But he isn't, so I'm not going to try to fill in the details I might mess up.
He had scheduled, six months prior to this first out-of-control spiral, to go and help a local college take a bicycle tour down the coast of California for a month.  He moved his stuff home.  Packed his bags.  And the day after Christmas, with $27 to his name, he got in a Ryder truck filled with bicycles and drove 18 hours straight, from Ohio to Colorado.
This was his first ever detox.
It was a Christian college and there was no access to any of the drugs he loved, except alcohol.  He decided he was done with heroin.  He figured he could do it himself, he didn't like what it had made him, it was time to leave it alone. 
I too went on that bike trip.  I was 18.  It was exactly one year after my heart testing and exercise restriction... I was all better and ready to ride 1,100 miles.  From San Francisco down the coast to San Diego, then over into Phoenix. 
I remember the first time I was face to face with Caleb.  He was measuring me for my bike.  He held the bike, while I hopped on, and he did some adjustments and moved on to the next person.
That was all.  Nothing special.
My mom was on the trip too, she was one of the group leaders.  Caleb said she had told me to pick up his group tee shirts and write his name in them.  He said that was the first time he noticed me, when I brought him his shirts. I don't actually remember doing that, but I'm sure it happened.
That was the beginning of everything real.  Innocent.  Helpful. And neither of us knew the true nature of the beast that Caleb had danced with, the beast that had struck its talons so deep in his heart that he would be tortured, daily, for the rest of his life... Neither of us knew, and so it began, January 1, 2004.

Friday, May 2, 2014

Lindsay: The first Momentous Miracle

When I was six years old, I was diagnosed with Wolf-Parkinson's White Syndrome.  If you care to understand exactly what that means you can go here.  The shortened version is simply, I had an extra electrical current path in my heart.  Most of the time, my heart was on the normal path and would beat perfectly fine.  But sometimes, my heart would jump off the normal path and I would have an extremely rapid heart rate... the extra path was like a short cut, and my heart would hurt, I would become short of breath, and the beating could be seen through my little six-year-old tee shirt.
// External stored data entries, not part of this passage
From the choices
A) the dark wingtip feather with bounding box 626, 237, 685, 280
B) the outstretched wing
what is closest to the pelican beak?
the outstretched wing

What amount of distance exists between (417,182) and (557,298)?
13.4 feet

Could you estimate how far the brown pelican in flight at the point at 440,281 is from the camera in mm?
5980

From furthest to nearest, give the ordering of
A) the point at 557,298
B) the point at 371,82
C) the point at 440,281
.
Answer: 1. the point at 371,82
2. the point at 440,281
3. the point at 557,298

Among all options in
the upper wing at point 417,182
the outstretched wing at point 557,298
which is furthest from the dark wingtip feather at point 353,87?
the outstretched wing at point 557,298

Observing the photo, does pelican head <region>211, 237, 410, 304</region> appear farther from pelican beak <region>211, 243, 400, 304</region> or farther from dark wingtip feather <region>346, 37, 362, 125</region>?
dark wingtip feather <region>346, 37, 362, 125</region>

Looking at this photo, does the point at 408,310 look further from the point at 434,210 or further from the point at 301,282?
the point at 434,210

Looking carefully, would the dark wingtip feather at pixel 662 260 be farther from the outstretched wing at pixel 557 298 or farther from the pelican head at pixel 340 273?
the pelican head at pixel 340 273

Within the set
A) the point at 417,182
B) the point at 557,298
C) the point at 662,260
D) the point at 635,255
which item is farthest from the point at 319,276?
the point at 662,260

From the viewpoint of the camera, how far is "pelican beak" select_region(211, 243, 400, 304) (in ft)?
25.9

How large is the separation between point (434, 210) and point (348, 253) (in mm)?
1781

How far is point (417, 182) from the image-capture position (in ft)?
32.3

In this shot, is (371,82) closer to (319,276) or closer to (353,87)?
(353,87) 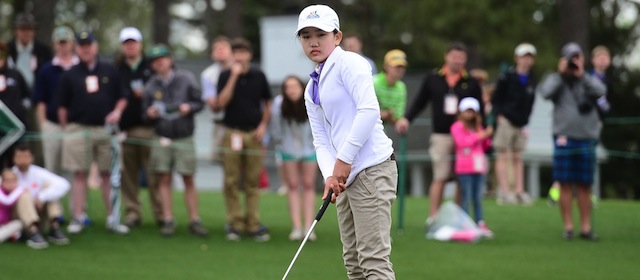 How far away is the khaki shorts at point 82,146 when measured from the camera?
1262 cm

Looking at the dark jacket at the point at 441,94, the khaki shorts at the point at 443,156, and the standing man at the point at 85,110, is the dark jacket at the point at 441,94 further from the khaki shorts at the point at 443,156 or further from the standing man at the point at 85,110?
the standing man at the point at 85,110

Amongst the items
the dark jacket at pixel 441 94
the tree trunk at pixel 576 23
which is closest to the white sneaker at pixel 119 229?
the dark jacket at pixel 441 94

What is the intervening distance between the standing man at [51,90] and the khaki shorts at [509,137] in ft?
19.9

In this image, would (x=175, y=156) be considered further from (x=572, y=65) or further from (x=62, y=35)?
(x=572, y=65)

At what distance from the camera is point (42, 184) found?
38.8 ft

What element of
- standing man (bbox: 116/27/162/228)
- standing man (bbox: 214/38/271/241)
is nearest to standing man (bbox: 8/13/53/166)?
standing man (bbox: 116/27/162/228)

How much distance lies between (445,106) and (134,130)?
3405mm

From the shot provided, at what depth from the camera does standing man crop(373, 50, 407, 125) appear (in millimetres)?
13164

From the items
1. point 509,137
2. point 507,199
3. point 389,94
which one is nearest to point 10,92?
point 389,94

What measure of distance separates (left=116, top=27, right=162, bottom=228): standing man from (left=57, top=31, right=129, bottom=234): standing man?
202mm

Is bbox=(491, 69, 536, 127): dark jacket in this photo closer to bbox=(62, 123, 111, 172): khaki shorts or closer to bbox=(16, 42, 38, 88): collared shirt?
bbox=(62, 123, 111, 172): khaki shorts

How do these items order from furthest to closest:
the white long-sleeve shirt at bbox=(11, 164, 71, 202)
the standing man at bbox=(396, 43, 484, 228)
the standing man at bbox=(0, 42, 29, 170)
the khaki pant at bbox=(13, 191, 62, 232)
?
the standing man at bbox=(396, 43, 484, 228)
the standing man at bbox=(0, 42, 29, 170)
the white long-sleeve shirt at bbox=(11, 164, 71, 202)
the khaki pant at bbox=(13, 191, 62, 232)

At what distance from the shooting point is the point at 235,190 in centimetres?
1241

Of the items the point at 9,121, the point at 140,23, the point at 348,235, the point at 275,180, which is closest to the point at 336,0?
the point at 275,180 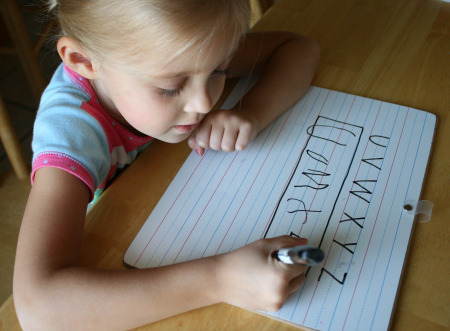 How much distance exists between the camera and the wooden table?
51cm

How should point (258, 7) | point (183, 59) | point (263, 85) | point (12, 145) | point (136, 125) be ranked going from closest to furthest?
point (183, 59) → point (136, 125) → point (263, 85) → point (258, 7) → point (12, 145)

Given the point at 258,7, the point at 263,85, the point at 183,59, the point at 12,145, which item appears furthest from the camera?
the point at 12,145

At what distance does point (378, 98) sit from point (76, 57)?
1.56ft

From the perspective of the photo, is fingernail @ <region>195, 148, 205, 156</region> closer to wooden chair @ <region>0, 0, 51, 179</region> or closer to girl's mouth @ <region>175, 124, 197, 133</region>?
girl's mouth @ <region>175, 124, 197, 133</region>

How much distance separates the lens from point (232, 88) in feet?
2.65

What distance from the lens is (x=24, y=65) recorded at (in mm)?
1525

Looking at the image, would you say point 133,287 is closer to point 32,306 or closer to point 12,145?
point 32,306

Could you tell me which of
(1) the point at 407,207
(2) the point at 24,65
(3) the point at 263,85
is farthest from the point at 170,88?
(2) the point at 24,65

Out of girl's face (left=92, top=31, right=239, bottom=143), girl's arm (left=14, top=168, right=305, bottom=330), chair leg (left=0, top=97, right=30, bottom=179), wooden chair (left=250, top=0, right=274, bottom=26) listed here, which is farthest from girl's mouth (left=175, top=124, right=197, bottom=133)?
chair leg (left=0, top=97, right=30, bottom=179)

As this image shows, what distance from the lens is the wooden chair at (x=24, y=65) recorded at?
1382 millimetres

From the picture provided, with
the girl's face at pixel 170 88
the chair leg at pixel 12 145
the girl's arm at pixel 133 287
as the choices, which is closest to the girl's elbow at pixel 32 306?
the girl's arm at pixel 133 287

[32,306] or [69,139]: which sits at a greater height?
[69,139]

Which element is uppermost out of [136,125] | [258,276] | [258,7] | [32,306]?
[258,7]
We lived in New York, and the hospitals were huge and scary.  I had to stay overnight in the hospital twice in order for the doctors to find a medication that would regulate my heart beat.  The first time they sent me home with a medicine that made my symptoms worse... I was six, my parents had four other children at home, and they were not able to stay over night with me.  I remember waking up very early and watching an "I Love Lucy" rerun.  When it was over, I called home, crying because I was alone and scared.  We only had one car, my dad had to work, and my mom cried too.  Needless to say, I was not a fan of hospitals.

I went home from my second hospital stay with a heart monitor that I had to wear every day for a week, and a proper prescription.  I had to take this tiny pill twice a day, or my heart rate would soar.  I hated it.  Also, I couldn't have caffeine, chocolate (although I still ate it, plenty), and my favorite drink: mountain dew, was now off limits.  This was probably a blessing in disguise!  Granted I was six and not drinking soda often, but a couple times a year we were allowed to sip on a small cup of that sweet, strange stuff, and I was extremely sad that I would be banned from that treat!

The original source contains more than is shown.